Conformance to Core Format#

An EROFS image conforms to the core on-disk format if and only if all of the following conditions are met:

  1. The is_compressed field (offset 0x54, 2 bytes) in the superblock is 0.

  2. All bits in feature_compat and feature_incompat, except those listed in the Feature Flags section below, are 0.

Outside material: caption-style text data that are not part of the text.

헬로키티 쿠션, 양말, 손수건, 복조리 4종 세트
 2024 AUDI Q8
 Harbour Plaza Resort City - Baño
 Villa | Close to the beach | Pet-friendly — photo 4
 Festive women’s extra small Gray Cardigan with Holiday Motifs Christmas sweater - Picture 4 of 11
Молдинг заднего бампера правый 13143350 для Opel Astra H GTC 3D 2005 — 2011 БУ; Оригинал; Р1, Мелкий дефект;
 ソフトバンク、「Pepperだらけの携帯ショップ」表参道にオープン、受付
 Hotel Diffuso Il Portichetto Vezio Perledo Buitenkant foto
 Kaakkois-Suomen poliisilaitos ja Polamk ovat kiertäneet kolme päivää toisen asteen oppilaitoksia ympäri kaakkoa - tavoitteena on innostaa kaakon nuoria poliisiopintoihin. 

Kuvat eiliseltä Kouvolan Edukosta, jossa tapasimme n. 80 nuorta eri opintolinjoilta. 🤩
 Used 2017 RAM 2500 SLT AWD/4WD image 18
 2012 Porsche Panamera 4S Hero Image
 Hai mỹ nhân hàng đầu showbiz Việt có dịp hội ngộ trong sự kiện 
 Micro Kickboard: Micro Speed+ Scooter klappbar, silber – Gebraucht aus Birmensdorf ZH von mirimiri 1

An image that does not meet these conditions uses one or more optional features described in separate feature-specific documents. Note that the core on-disk format has always been supported since Linux 5.4; thus, the 48-bit layout is not part of the core on-disk format (for example), and not all users need 48-bit block addressing.

Superblock#

The EROFS superblock is located at a fixed absolute offset of 1024 bytes. Its base size is 128 bytes. When sb_extslots is non-zero, the total superblock size is 128 + sb_extslots * 16 bytes. The first 1024 bytes are unused, which allows for support of other advanced formats based on EROFS, as well as the installation of x86 boot sectors and other oddities.

Field Definitions#

Offset

Size

Type

Name

Description

0x00

4

u32

magic

Magic signature: 0xE0F5E1E2

0x04

4

u32

checksum

CRC32-C checksum of the superblock block; see Superblock Checksum

0x08

4

u32

feature_compat

Compatible feature flags; see Feature Flags

0x0C

1

u8

blkszbits

Block size = 2^blkszbits; minimum 9

0x0D

1

u8

sb_extslots

Number of 16-byte superblock extension slots

0x0E

2

u16

rootnid_2b

Root directory NID

0x10

8

u64

inos

Total inode count; see blocks and inos Fields

0x18

8

u64

epoch

Filesystem creation time, seconds since UNIX epoch

0x20

4

u32

fixed_nsec

Nanoseconds component shared by all compact inodes; see Modification Time in Compact Inodes

0x24

4

u32

blocks

Total block count; see blocks and inos Fields

0x28

4

u32

meta_blkaddr

Start block address to specify the inode-metadata zone

0x2C

4

u32

xattr_blkaddr

Start block address to specify the extended attribute zone

0x30

16

u8[]

uuid

128-bit UUID for the volume

0x40

16

u8[]

volume_name

Filesystem label (not null-terminated if 16 bytes)

0x50

4

u32

feature_incompat

Incompatible feature flags; see Feature Flags

0x54

2

u16

is_compressed

0 for non-compressed images, any non-zero value for compressed images

0x56

4

u32

dontcare

External device support specific; ignored in core format

0x5A

1

u8

dirblkbits

Directory block size = 2^(blkszbits + dirblkbits); strictly 0 in the core format

0x5B

5

u8[]

dontcare

Xattr specific; ignored in core format

0x60

8

u8[]

dontcare

Compression specific; ignored in core format

0x68

1

u8

reserved

Reserved; must be 0

0x69

1

u8

dontcare

Xattr specific; ignored in core format

0x6A

2

u16

reserved

Reserved; must be 0

0x6C

12

u8[]

dontcare

48-bit layout specific; ignored in core format

0x78

8

u64

reserved

Reserved; must be 0

Note the difference between reserved and dontcare fields:

  • reserved: Users must not use these fields, and they must be filled with 0 to comply with the supported features or reserve for future use.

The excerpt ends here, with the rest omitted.